56 Ind. 575 | Ind. | 1877
In this action, the first paragraph of the complaint, as originally filed,.was withdrawn. The case stands upon the second paragraph, which may be stated as follows
That Thomas E. Chandler and Franklin Taylor were and are partners, under the name of Chandler & Taylor; that the defendant was and is a corporation in the county of Wayne; that Jonas W. Teo and Francis W. Robinson were the agents of said corporation; that plaintiffs proposed to said agents, in writing, to furnish them with one of the plaintiffs’ Mulay saw-mills, with straight slides, on board the cars at Indianapolis, for the price of four hundred and sixty-one dollars and seventy cents, to be paid within thirty days from the date of delivery; and to furnish one of the plaintiffs’ Mulay saw-mills, with curved slides, on board the cars at Indianapolis, for the price of four hundred and ninety-five dollars and ninety cents, the defendant to set up the mill in both cases; but if the plaintiffs should send a man to set up the mill, the price of the straight slide mill would be four hundred and seventy-eight dollars and eighty cents, and the curved slide mill five hundred and thirteen dollars, the defendant to pay the travelling expenses both ways of the hand. That the defendant afterward accepted said proposition by a telegraphic dispatch, and ordered the plaintiffs to ship to the defendant one of their curved slide mills at once; that they did, with all reasonable diligence, so ship
The proposition in writing to furnish the saw-mill, and the telegram accepting it, are made exhibits and filed with the complaint, and are in the following words:
Exhibit B.
“ Indianapolis, April 11th, 1874.
“ Messrs.

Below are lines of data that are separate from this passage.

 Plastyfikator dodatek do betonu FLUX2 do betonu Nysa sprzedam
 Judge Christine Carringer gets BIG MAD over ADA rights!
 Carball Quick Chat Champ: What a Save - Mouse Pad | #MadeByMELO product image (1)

Yeo & Robinson, Gentlemen:—We will furnish you one of our Mulay saw-mills, with straight slides, on board the cars at Indianapolis, within say 30 days, for $461.70 ; for curved slide mill, $495.90 ; you to set up the mill in both cases; but if we send a man to set up the mill, the price of straight slide will be, on same conditions, $478.80; and the curved slide, $513.00. In these two last cases, we leave to you to pay the travelling expenses both ways of our hand.
“ Respectfully,
“ Chandler & Taylor.”
Exhibit C.
“ The Western Union Telegraph Company, dated Richmond, Ind., April 15th, 1874; received at Indianapolis 10:30 A. M. j
“ To Chandler & Taylor.—
“ Ship curved slide mill to us at once.
“Robinson Mach. Works.”
The first paragraph of answer is not in the record, and no question is made upon it.
The second paragraph of answer is as follows :
That the plaintiffs are and were manufacturers of Mulay saw-mills; that in consideration of the sum. of four hundred and ninety-five dollars and ninety cents,
The third paragraph of answer was a general denial.

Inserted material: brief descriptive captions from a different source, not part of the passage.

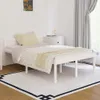 vidaXL Lit en bois massif blanc 120x190 cm Voir les images du produit 2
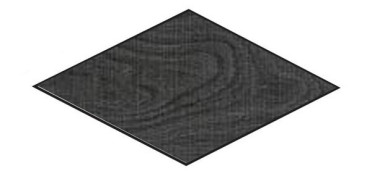 Керамогранит CROSSROAD WOOD COAL RET. ROMBO 30 30x30 от ABK Ceramiche (Италия)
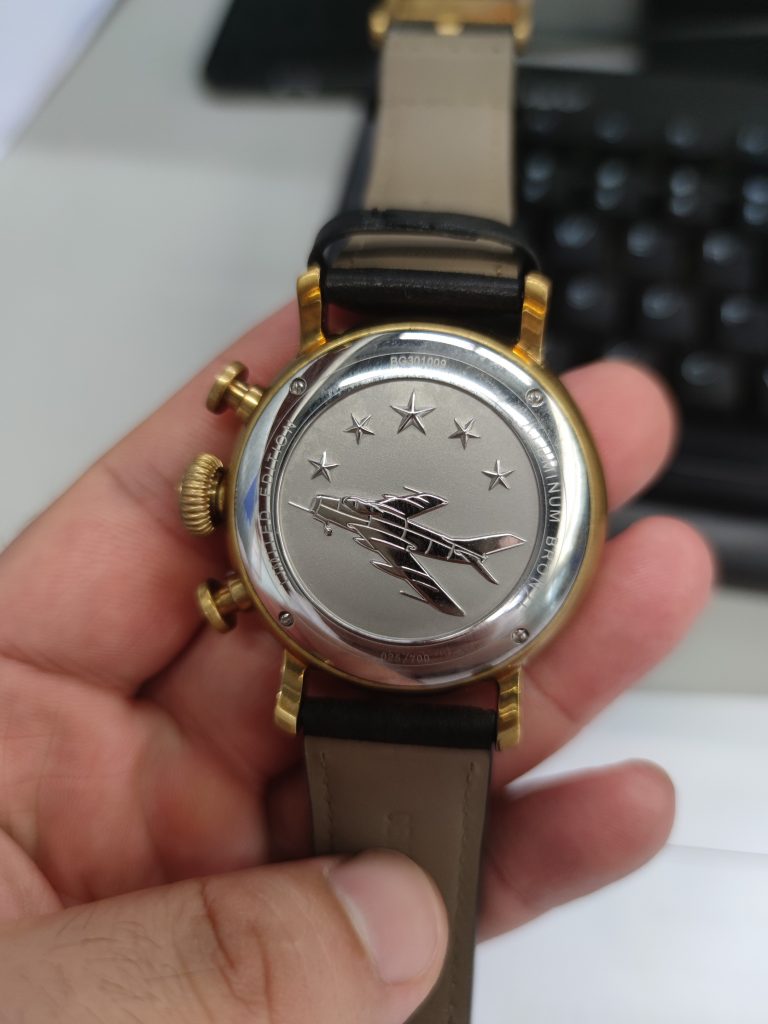 Beijing Pilot Chrono Case Back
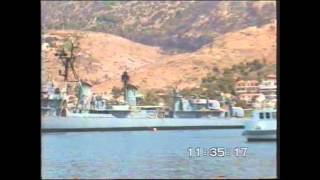 GREEK NAVY DESTROYER VELOS D16 EX USS CHARETTE DD581 [upl. by Eissac286]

A demurrer, alleging as ground the insufficiency of the facts stated, was sustained to the second paragraph of answer, and exception reserved. Upon the remaining issue, there was a trial by the court; finding for plaintiff; motion for a new trial overruled; exception; judgment; appeal.

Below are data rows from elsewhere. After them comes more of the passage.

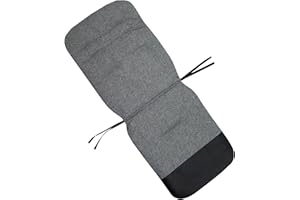 BAMBINIWELT BY RAFAEL K. Coussin Bambiniwelt pour poussette - Réversible - Avec revêtement en cuir au niveau des pieds - Gris foncé chiné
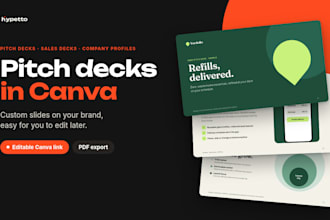 design a canva presentation and business pitch deck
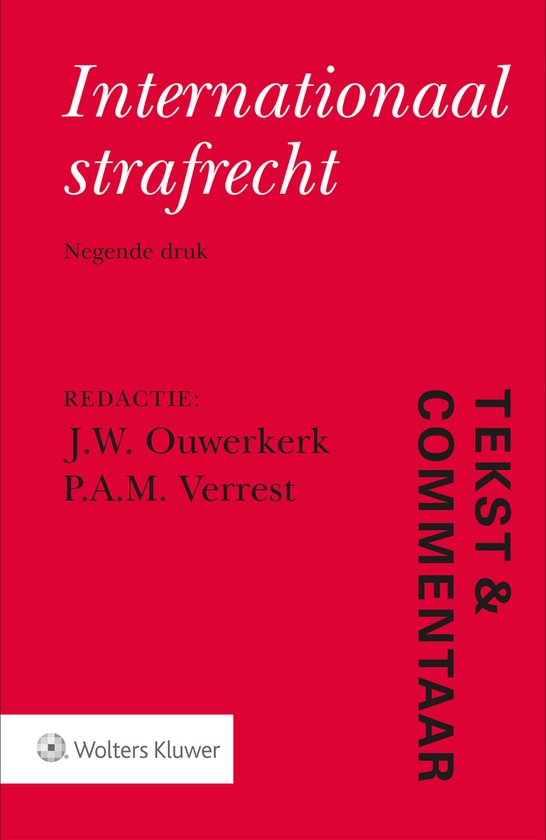 Tekst & Commentaar - Internationaal strafrecht - cover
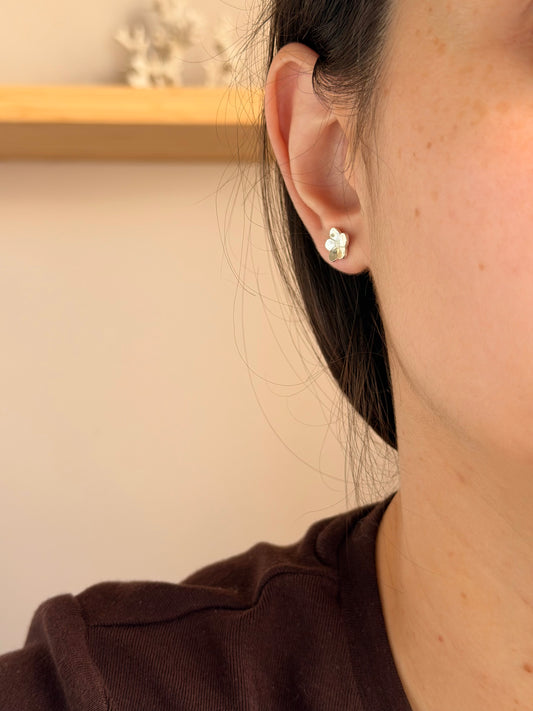 Boucles d'oreilles Myosotis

Without unnecessarily stating how the questions in the record are evolved, we shall proceed at once to examine them as they are discussed by the parties in their briefs.
1. The appellant discusses the question of an implied warranty in the sale of the saw-mill, and insists that the sale itself, by a manufacturer, of the thing he makes, implies a warranty, that it is reasonably sufficient for the purpose it is designed to perform. Perhaps, the appellant states the proposition too generally; but we are of the opinion, that, when a manufacturer undertakes with a purchaser to manufacture an article at a fair price, for a special purpose, there is an implied warranty that the article is reasonably fit for the purpose designed.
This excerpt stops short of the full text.